Benchmade vs Kershaw
Benchmade vs Kershaw: Which one is best?
You’re in the market for an EDC foldable knife that can quickly open one-handed. There are two major companies to choose from: Benchmade vs Kershaw.
While both stand behind their products and offer very similar model lines, which one comes out on top?
- Made in USA
- 15.4CM Blade
- FRN Handle
- Axis Lock
- High in Price
- Made in China
- 8Cr13MoV Blade
- 410 Steel Handle
- Frame Lock
- Low in Price
Breaking it down
A knife is more than just a blade with a handle. It’s got to be made of high-quality materials, be foldable to go in your pocket, cut well every time, and be easy to take care of. We’re comparing and contrasting the Benchmade and Kershaw knives to see how they stack up.
At first glance, the blades on both the Benchmade and Kershaw knives look similar, with a short, stout shape, large knife belly, and swedge tip. But they’re made of two different types of steel that behave very differently.
Benchmade knife blades are made with 154CM, which is a high-quality stainless steel that is manufactured by Crucible Industries.
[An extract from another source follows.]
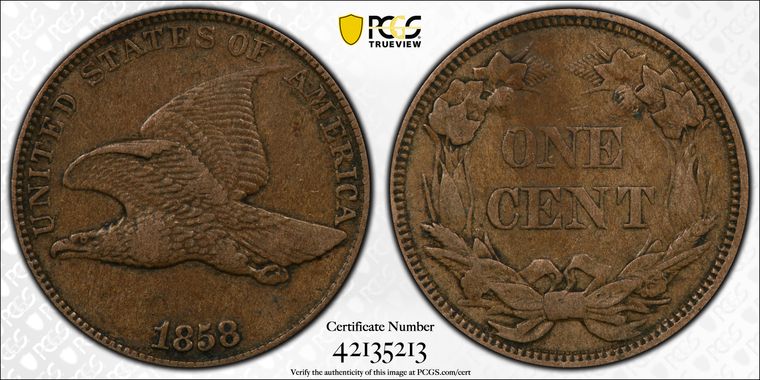 Cert 42135213 - Coin Image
Crucible is an American company headquartered in New York and was founded over 100 years ago. 154CM steel has been modified from martensitic stainless steel.
Molybdenum has been added to it, combining that element with both carbon and chromium. 154CM steel quality is very high, and its sharpness is retained for a long time, making it a prime choice for serious, frequent use.
It’s also easy and simple to sharpen. Due to the quality control, you can expect blade consistency from knife to knife and if you choose to replace the knife.
The blade in Kershaw knives is made with what’s called 8Cr13MoV Steel. That is a popular budget brand of knife steel, it’s made in China, and it’s similar to the Japanese steel quality like AUS-8 grade.
Despite its low cost, it’s worthy of cutting and, for a long time, retains that sharpness. It’s also resistant to corrosion. You’ll find that this type of steel is easy to sharpen and sharpens well. It’s popular because it’s inexpensive and resembles higher quality steel.
However, it’s not as abrasion resistant as the 154CM steel. Where you’ll really notice the quality is in the frequency of sharpening. It loses its sharpness quickly. You’ll also find inconsistency in quality, so there is such a thing as a “bad batch.”
Knife handles are an important feature, since they balance the blade, protect your hand, ensure a good grip, and must fit well. These knife handles are made of two different materials: FRN and 410 steel.
The handle is made from FRN (fiberglass reinforced nylon), which is a reinforced plastic. This makes it exceptionally lightweight, durable, and hard in texture. The handle is slightly curved and, relative to the knife’s overall size, longer than the blade.
It’s long enough for larger hands. There’s a rough texture on the handle to enable a better grip. It doesn’t have a full liner, making it even lighter.
Kershaw knife handles are made of 410 stainless steel, which is the best martensitic grade steel. That means it’s made using techniques that require final heat treatment. It’s optimized for very high hardness, just like the stainless steel found in kitchens. Since it’s hard, it makes it resistant to corrosion.
The handle is also coated with a matte gray titanium carbo-nitride. For a regular EDC knife, this steel is heavier than the Benchmade FRN. The handle isn’t ergonomically designed and is short compared to the overall length, meaning those with larger hands might find it uncomfortable to grip.
Your knife has to have a locking mechanism for safety while you’re carrying it in your pocket. How easy it is to lock these knives and have them stay locked?
Benchmade knives come with an Axis lock located at the base of the blade. You move the toggle back and forth to have the knife lock or unlock in place. It’s also ambidextrous.
Kershaw knives come with a frame lock that keeps the blade open during use. It’s a sturdy style of blade lock. It also has lockbar stabilization.
Pros and Cons of Each
When comparing both of these excellent knife companies side by side, it’s easy to see who’s the clear winner. Benchmade knives are crafted in the US of high-quality materials, which makes all the difference.
Inferior craftsmanship produces an inferior knife, so Benchmade definitely wins. Invest in one of these amazing tools and you will enjoy it for years to come.